═════ Data block

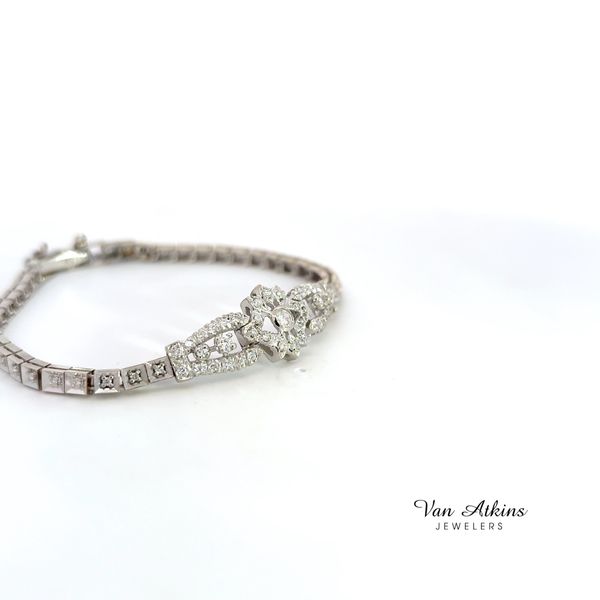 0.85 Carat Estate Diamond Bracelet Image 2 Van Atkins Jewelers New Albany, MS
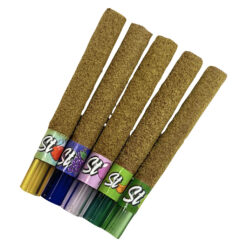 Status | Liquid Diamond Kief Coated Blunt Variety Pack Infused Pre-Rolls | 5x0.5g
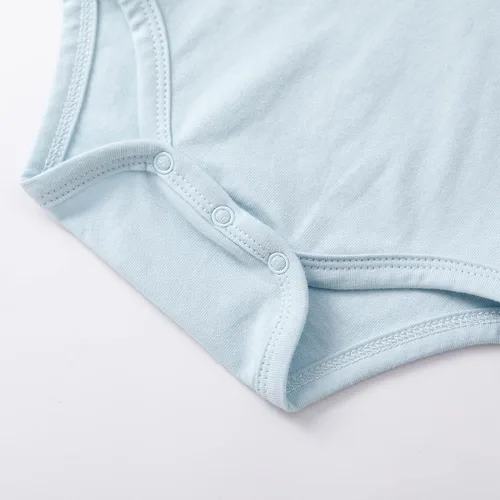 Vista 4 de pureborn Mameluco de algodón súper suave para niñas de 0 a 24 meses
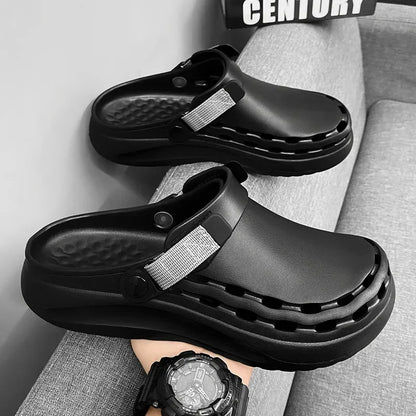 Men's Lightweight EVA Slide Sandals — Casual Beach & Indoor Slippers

══════════

Problem: Take the lines from the one that contains "Vista 4 de pureborn" through the last line of the material above and reproduce them exactly, leaving out any pictures.

Solution:
 Vista 4 de pureborn Mameluco de algodón súper suave para niñas de 0 a 24 meses
 Men's Lightweight EVA Slide Sandals — Casual Beach & Indoor Slippers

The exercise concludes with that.